At some point during
our meal, he made a point of telling me he was proud of me, which in itself
stunned me. Then, he looked at me and simply said “If I could have gone to college, I’d be a
damn lawyer today.” I could not have been more surprised if he had told me he’d
always dreamed of being a lounge singer. Dad- a lawyer? Dad- who had always disparaged men who wore
suits to work, men with briefcases, especially and specifically lawyers! Now I
know why.
After more than four
years of an excruciatingly frustrating bureaucratic struggle, I must assume
that Dad reached the point where he experienced a sort of epiphany. He did not put his thoughts on paper, that I
know of, but somehow, one day, he awoke to a new realization: fighting
bureaucracy on their terms, writing letters, using the traditional tools of repeated explanation
and evidence and reason and logic- was not going to work. He needed to get their
attention in a completely different way.
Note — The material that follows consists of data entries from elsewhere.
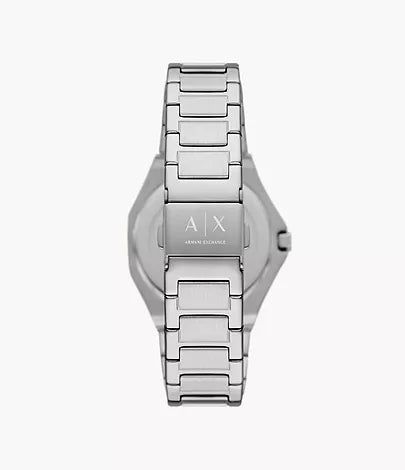 AX4606-Armani Exchange Three-Hand Stainless Steel Watch for Women - Shop Authentic watches(s) from Maybrands - for as low as ₦301500! 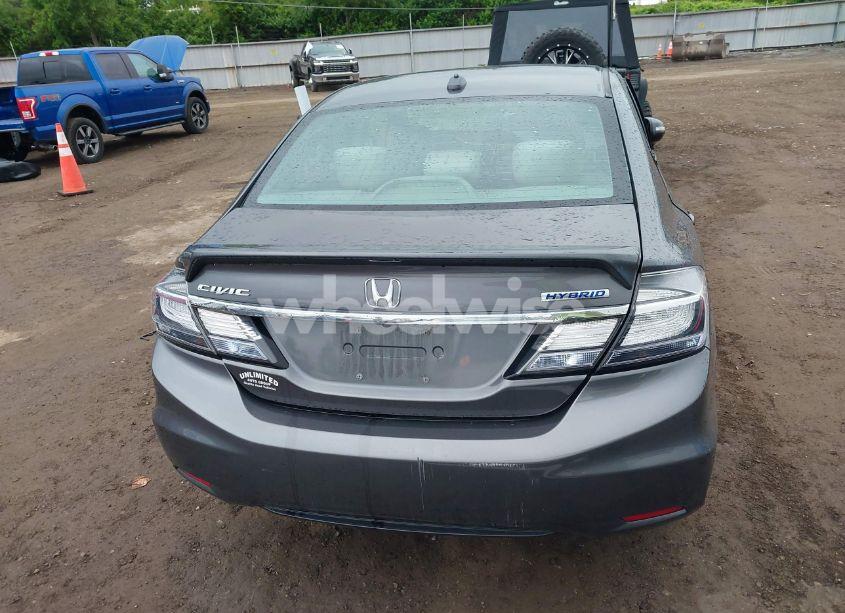 Photo 16 of 2013 Honda Civic HYBRID (VIN 19XFB4F26DE001056)
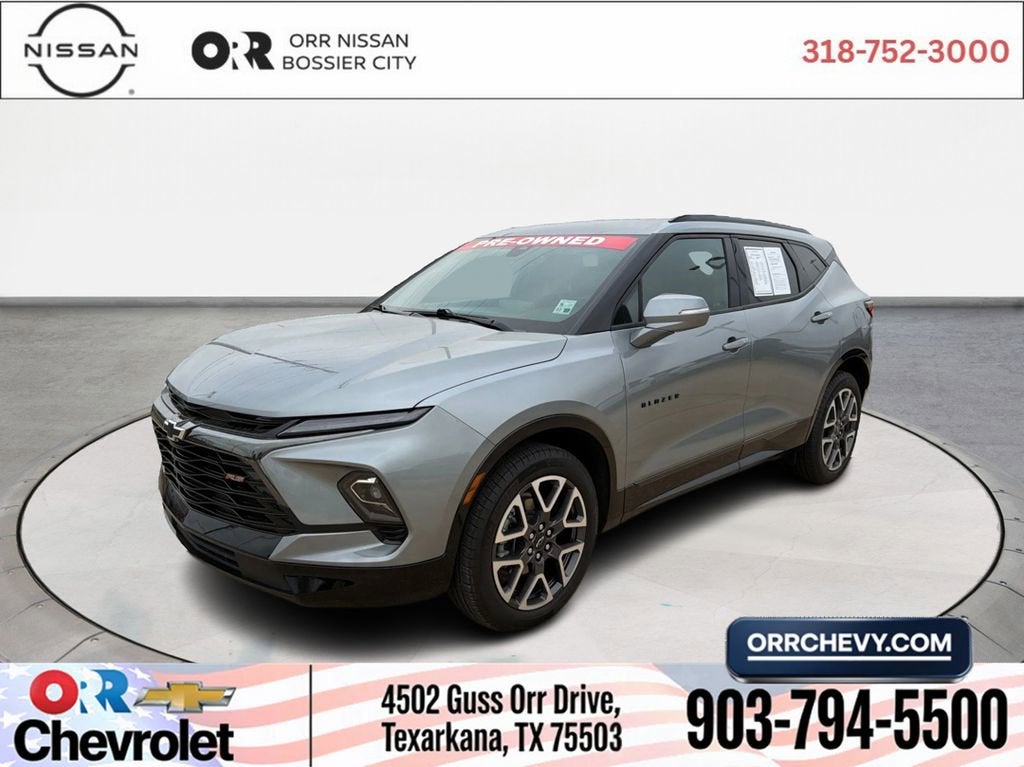 2025 Chevrolet Blazer RS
He needed someone in Washington to
hear his story directly from him.
Maybe he would just have
to go there in person. And what better way to make the trip than by walking the
entire way?
So, in the spring of
1982, he started planning for a hard journey, one that would show everyone, in
an undeniable way, what John McNulty was capable of- walking more than 1,000
miles, from South Florida all the way to Washington, D.C.